Mais ce n’est pas assez d’imposer sa supériorité aux autres, il faut devenir « un grand homme et un saint pour soi-même ». Toutes les conditions matérielles, compliquées, auxquelles le dandy se soumet, « depuis la toilette irréprochable à toute heure du jour et de la nuit, jusqu’aux tours les plus périlleux du sport, ne sont qu’une gymnastique propre à fortifier la volonté et à discipliner l’âme ».
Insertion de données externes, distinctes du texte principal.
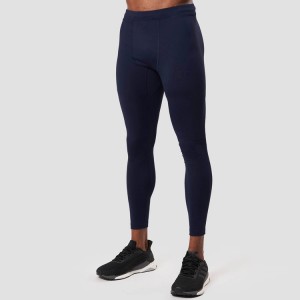OEM ຄຸນະພາບສູງ Custom Logo Polyester Compression Pants Men Sportswear Gym Legging Tights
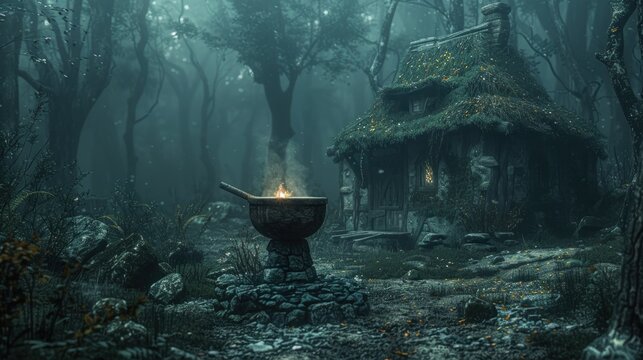 Slavic Mystical Creature Baba Yaga: The Fearsome Witch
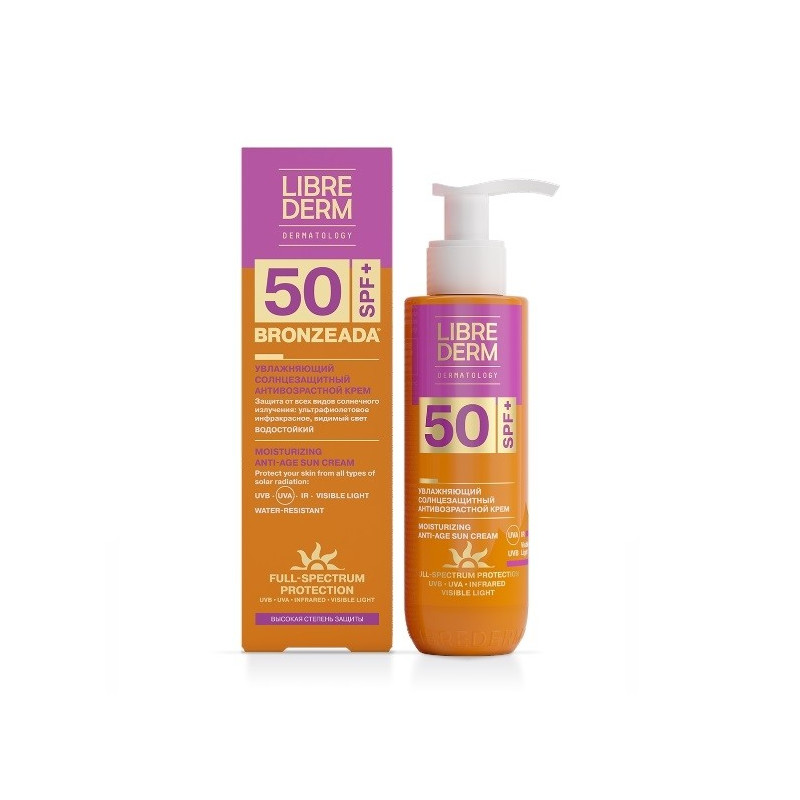 Buy Librederm (librederm) bronziada sunscreen cream anti-age spf50 bottle 150ml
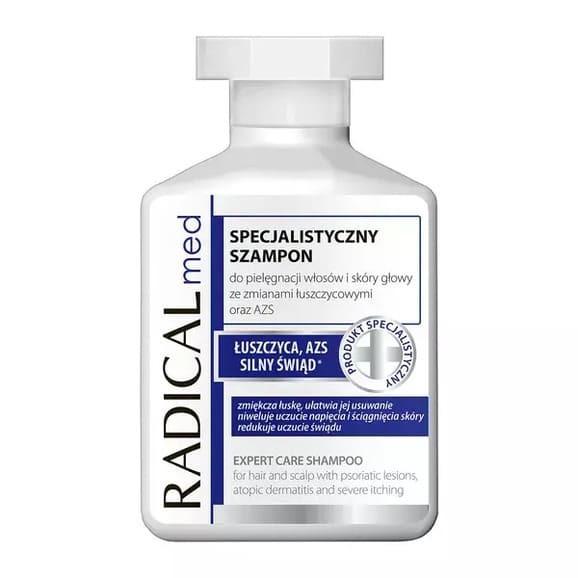 Radical Med, szampon specjalistyczny do włosów i skóry głowy ze zmianami łuszczycowymi oraz AZS, 300 ml - zdjęcie produktu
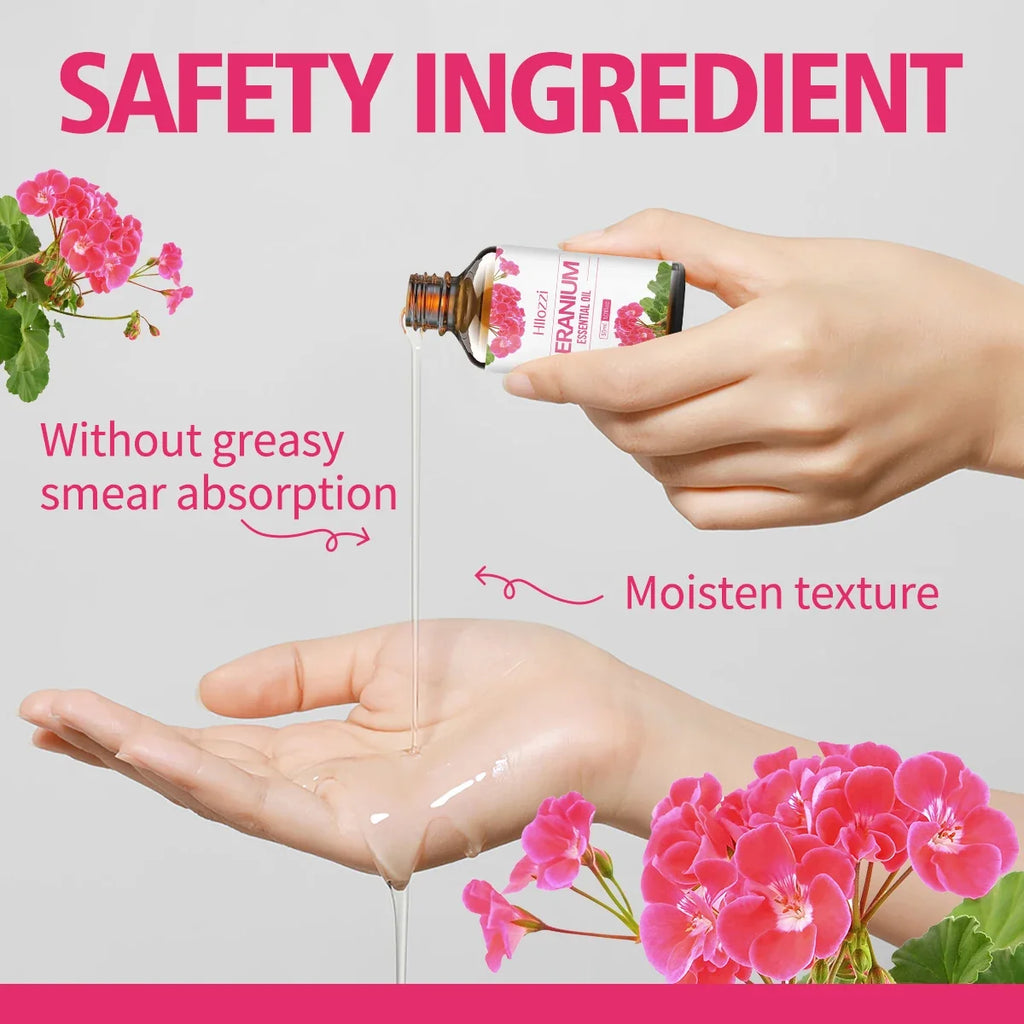 Hllozzi 30ml Geranium Pure Essential Oil – Jojoba Aromatherapy
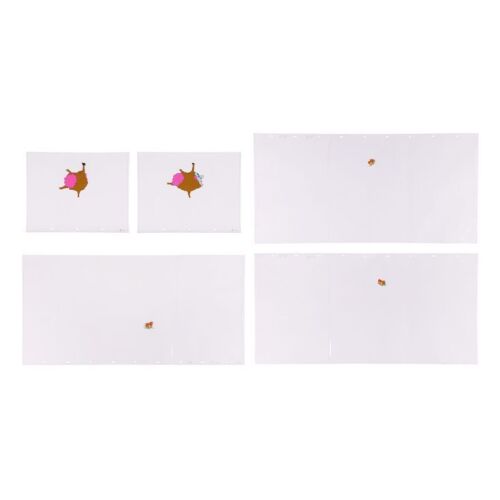 30. THE BEATLES - Selection of Five Hand-Painted Jeremy Hilary Boob and Butterfly Animation Cels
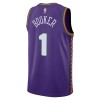 NBA Mænd Trøje Phoenix Suns Devin Booker 2024-25 Nike City Edition Lilla Swingman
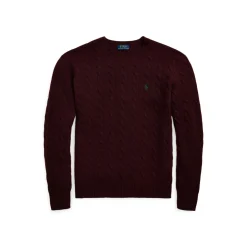 Woll-Kaschmir-Pullover mit Zopfmuster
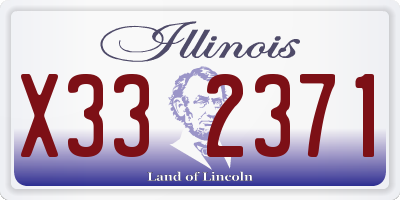 IL license plate X332371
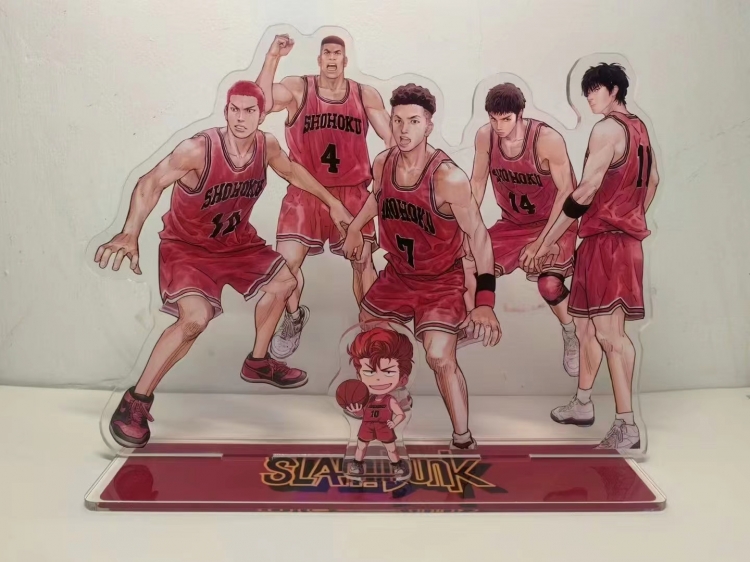 Slam Dunk  Anime Laser Acrylic Humanoid  keychain big Standing Plates 15.8cm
Le dandy se trouve ainsi amené à ne considérer, en tout, que l’effort et à se faire une nécessité de l’Artifice. Ce mot d’Artifice a été mal compris. Il ne s’agit pas, ici, de l’esprit d’intrigue et de mensonge. C’est l’artifice du Génie corrigeant l’imperfection naturelle et la sauvagerie de l’instinct. C’est à cela que s’emploie la Civilisation, et la Morale ne se propose pas autre chose. Baudelaire pense que tout ce qui est naturel est abominable. Cette théorie n’a rien de subversif. Elle est contenue dans l’idée du Péché originel. Or, Baudelaire estime, après elle, que « la vraie civilisation n’est pas dans le gaz ni dans la vapeur, ni dans les tables tournantes, mais dans la diminution des traces du péché originel ».